--- Instructions for the task ---
Repeat exactly, and only, the lines from the line bearing "juli online show" through the end of the material. Do not copy the pictures.

--- Data records ---
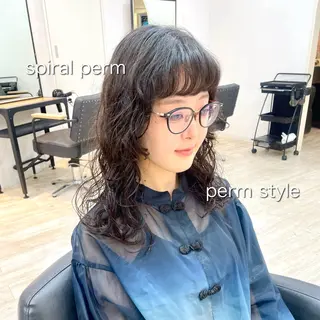 ミディアム パーマ ゆさこのか ダブルカラー／縮毛のヘアスタイル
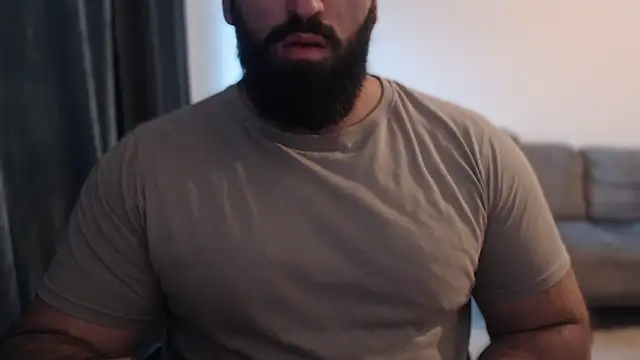 hugemachohandsome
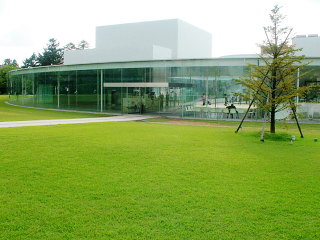 金沢21世紀美術館 (写真クリックで公式サイト)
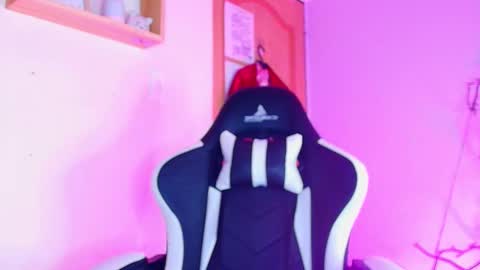 juli online show from October 2025 12:52:01 AM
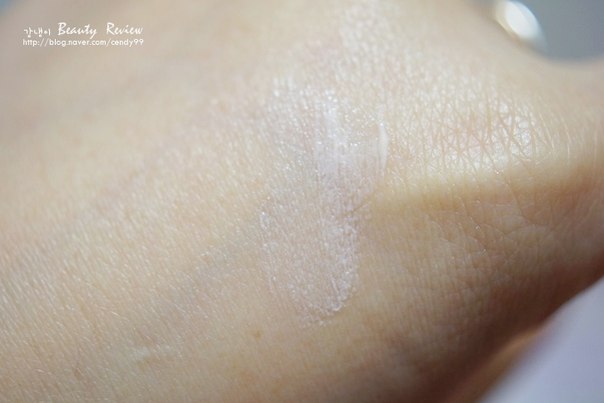 Добавлены свотчи базы под тени Etude House Proof 10 Eye Primer. 02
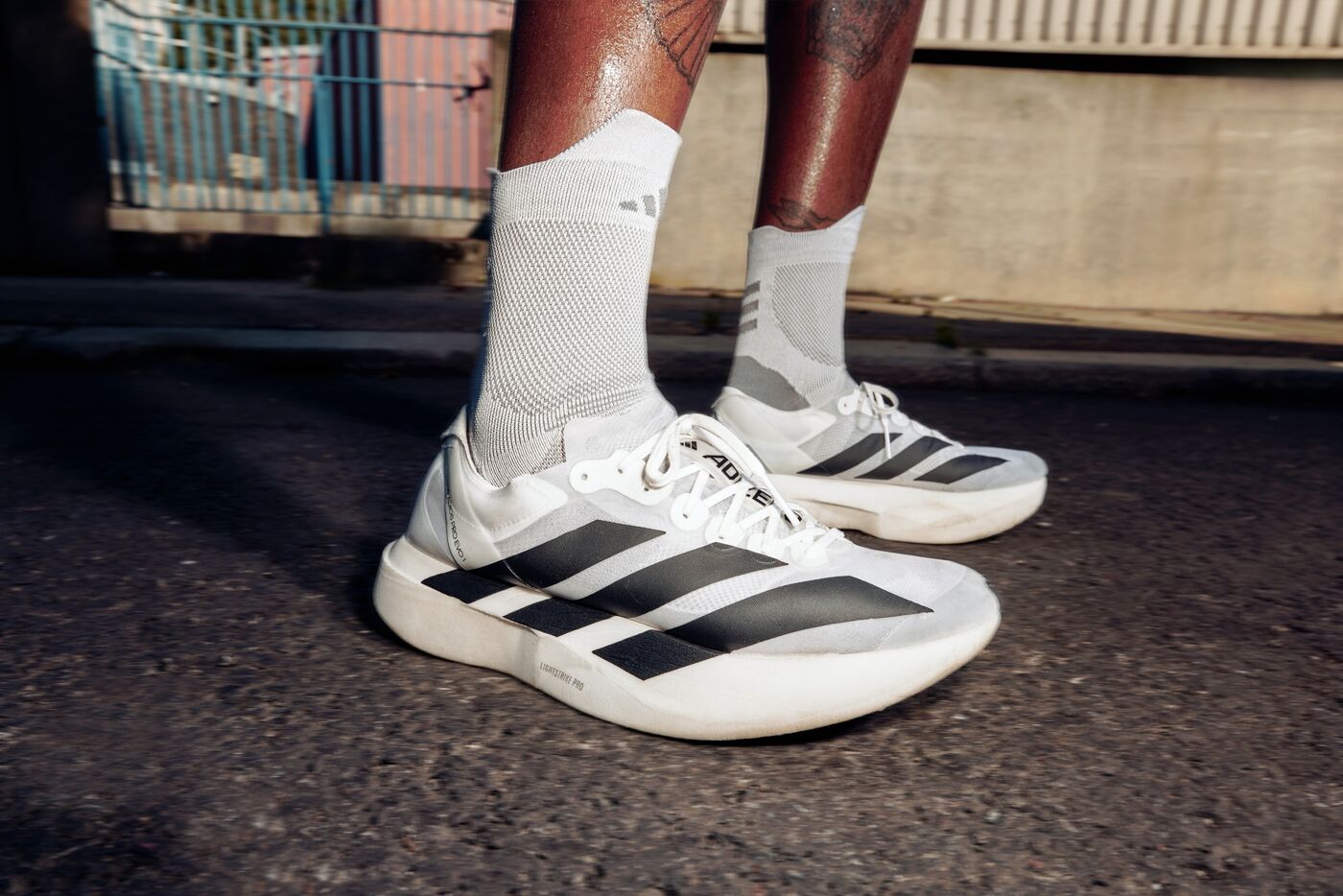 Liquidación de tallas sueltas de zapatillas en el outlet de Adidas:  descuentazos de hasta el 60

--- Solution for this task ---
 juli online show from October 2025 12:52:01 AM
 Добавлены свотчи базы под тени Etude House Proof 10 Eye Primer. 02
 Liquidación de tallas sueltas de zapatillas en el outlet de Adidas:  descuentazos de hasta el 60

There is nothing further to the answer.